Mgr Mukala : C’est un problème et permettez-moi vous dire ceci : il y a des écoles laïques dans chaque village, mais rares sont celles qui fonctionnent normalement. Les enseignants, ou ne sont pas présents, ou veulent juste se montrer sans prendre leur travail au sérieux, et il n’y a aucun contrôle. Il en était ainsi avant, mais maintenant les choses ont changé, les communautés prennent désormais les choses en mains et assument la responsabilité de leurs propres écoles ; mais, même dans ce cas, la qualité de nos écoles et notre système scolaire sont jugés bien supérieurs, et beaucoup l’ont préféré parce que nous sommes sérieux, et nous ne plaisantons pas. La gestion et le personnel sont très sérieux et sincères dans leur travail, ce qui contribue à la qualité de notre système scolaire, et cela ils le voient bien. Aussi ils veulent à tout prix s’inscrire dans nos écoles, de préférence. On observe, cependant, une augmentation des frais de scolarité, car les parents doivent payer pour l’inscription de leurs enfants dans nos écoles. Ainsi, leurs frais de scolarité sont multipliés par deux ; ils doivent payer pour leurs écoles et nos écoles. 

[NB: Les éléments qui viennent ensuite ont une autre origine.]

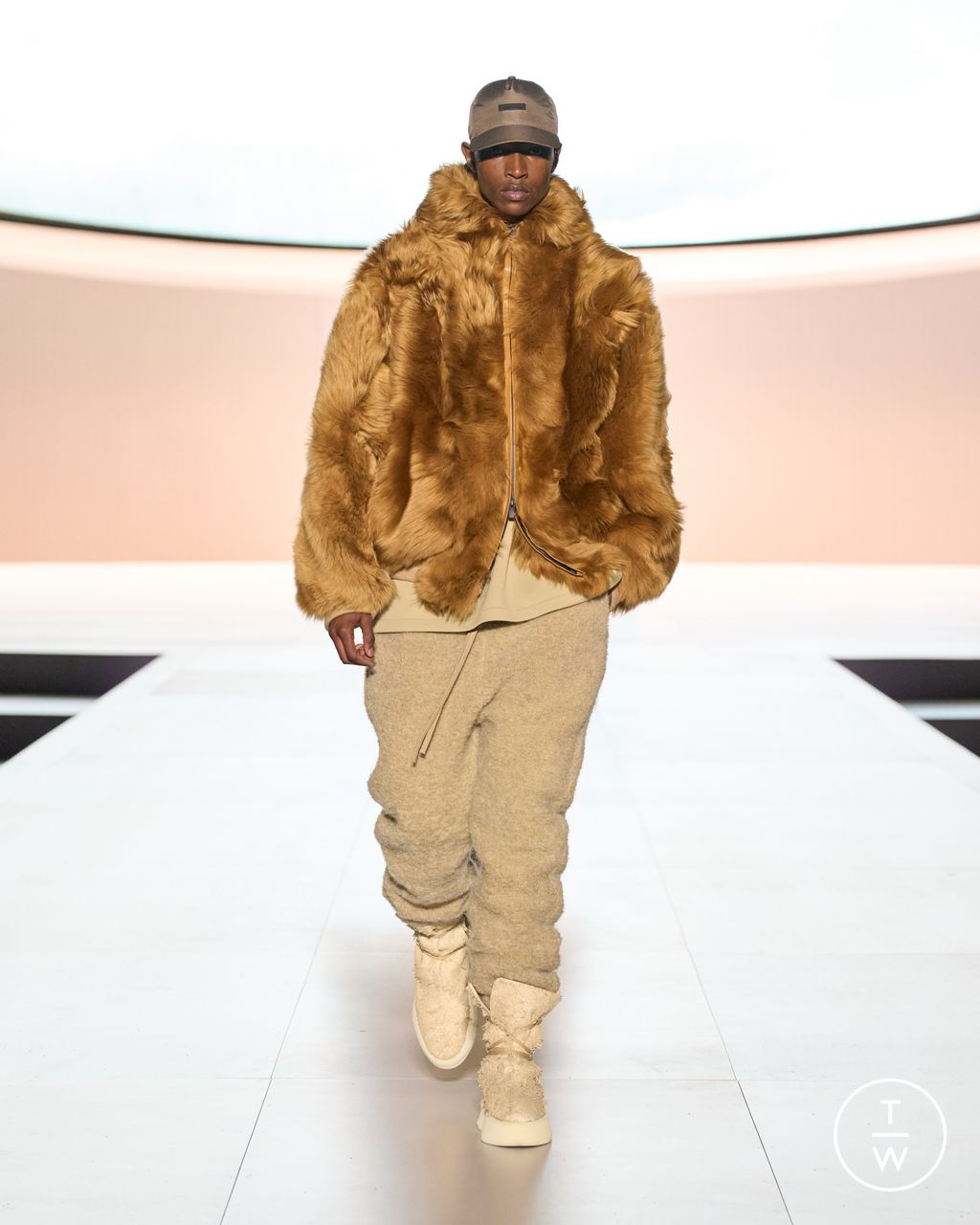 Fashion Week New York Fall/Winter 2023 look 30 from the Fear of God collection womenswear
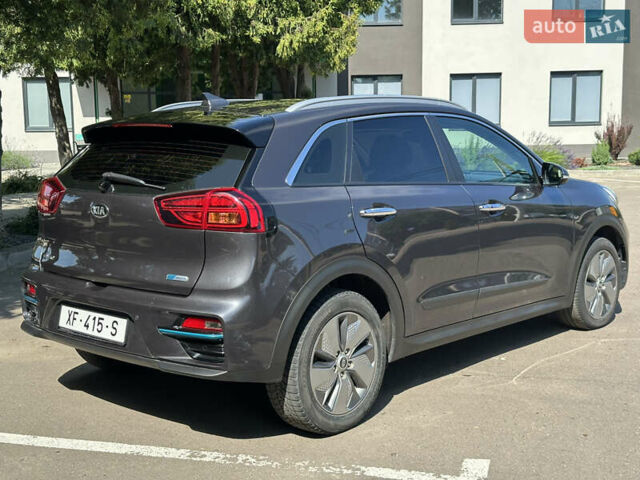 Сірий Кіа Niro, об'ємом двигуна 0 л та пробігом 143 тис. км за 17900 $, фото 5 на Automoto.ua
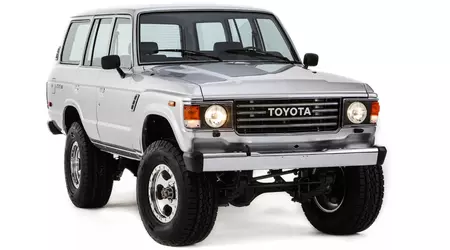 Toyota повернула до життя класичний Land Cruiser з сучасним двигуном V6 від Tundra
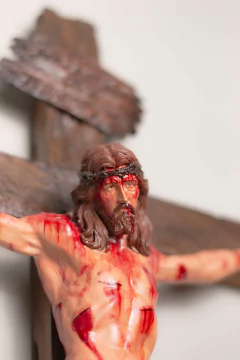 58cm Calvário - Crucifixo Realista com Base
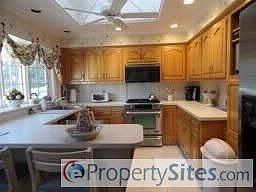 4th image of 2 Knollwood Dr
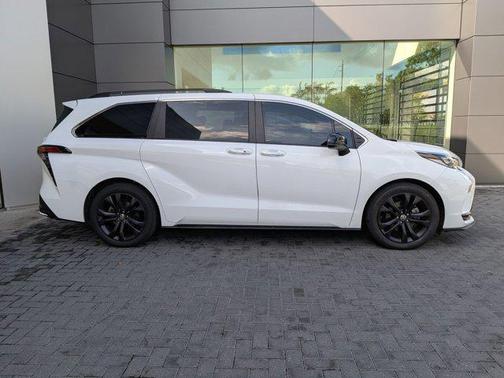 White 2022 Toyota Sienna XSE 7 Passenger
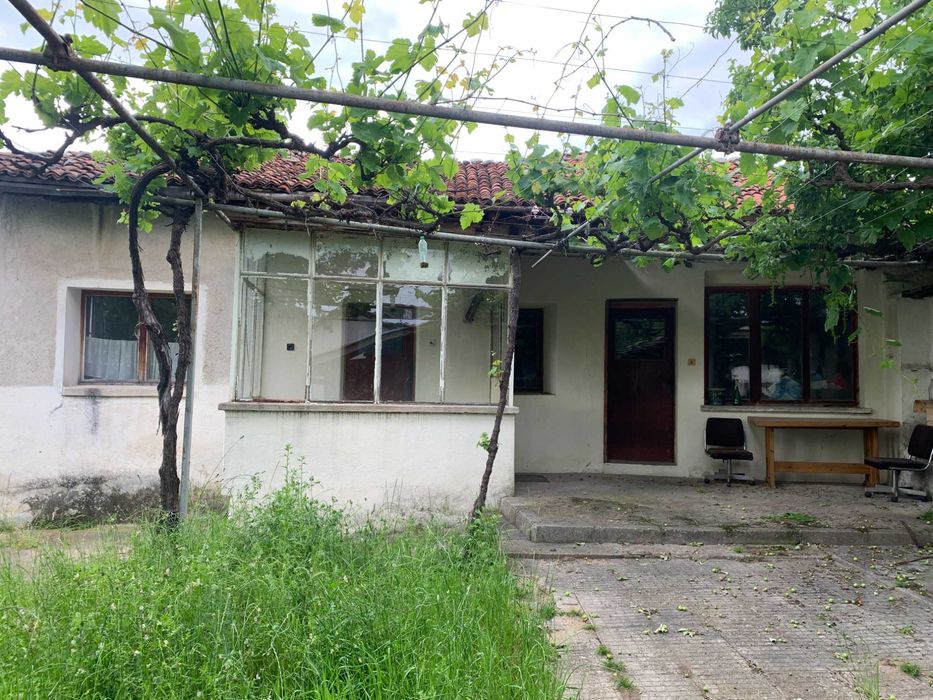 ИМОТ в близост до ЦЕНТЪРА на с. Васил Левски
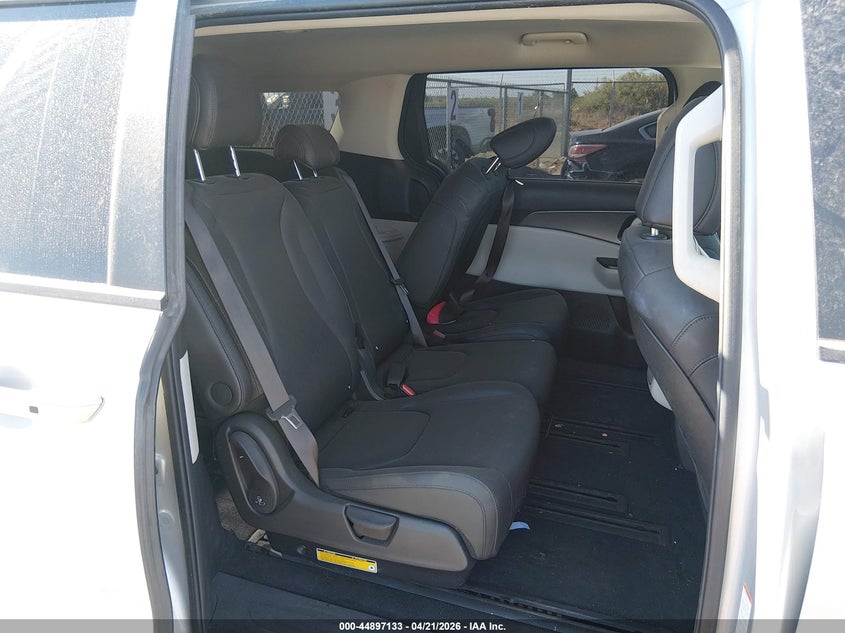 2022 Kia Carnival Mpv Lx Seat Package VIN: KNDNB4H31N6155263 Lot: 44897133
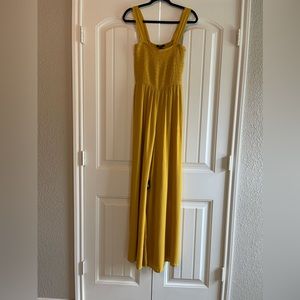 Forever 21 jumpsuit size M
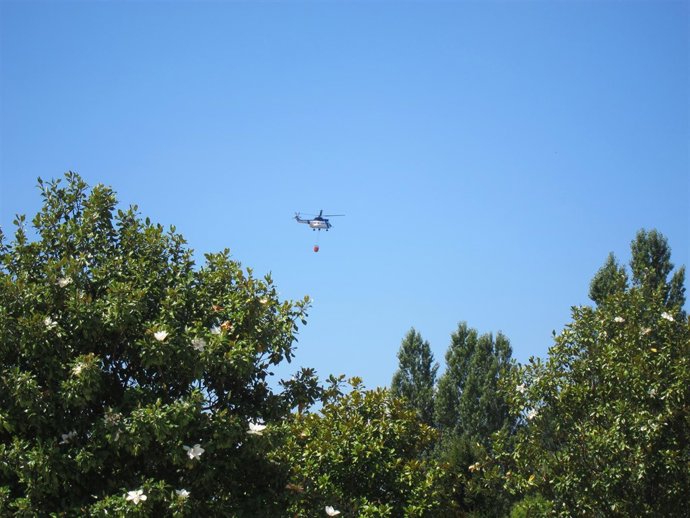 Un Helicóptero Participa En La Extinción De Un Incendio En Santiago.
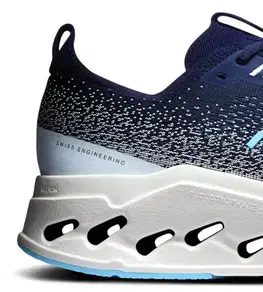 Trail On Cloudsurfer Max M Veľkosť: 42,5 EUR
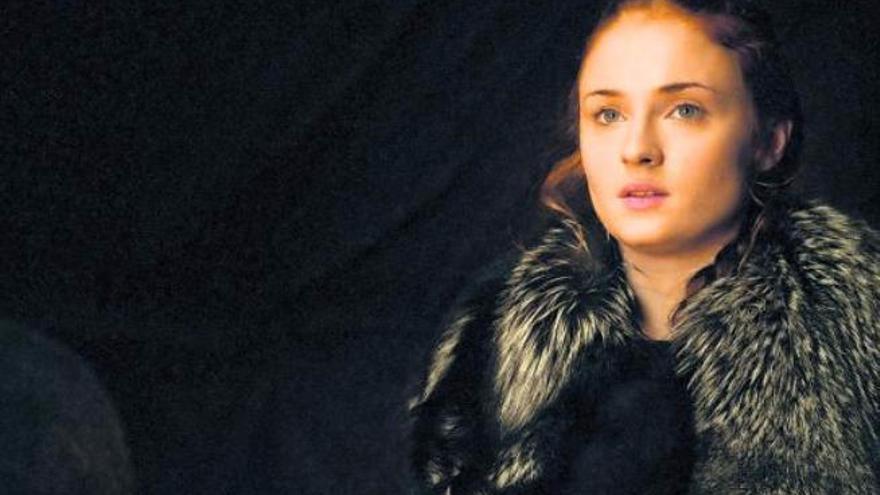 Sophie Turner en el papel de Sansa Stark. Emblemas de las familias protagonistas en la página siguiente. hbo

Q : Les écoles catholiques sont beaucoup plus ouvertes aux moins fortunés, ce qui veut dire que les frais de scolarité sont bien inférieurs à ceux des autres écoles privées.

Mgr Mukala : Oui, c’est exact, ils sont moins chers ; nous faisons d’énormes concessions aux pauvres, notamment à nos enfants catholiques, car nous voulons être sûrs qu’ils sont tous bien instruits.

Q : La pauvreté est encore un problème au Nagaland, plus que la malnutrition – ou la faim est-elle toujours un problème ? 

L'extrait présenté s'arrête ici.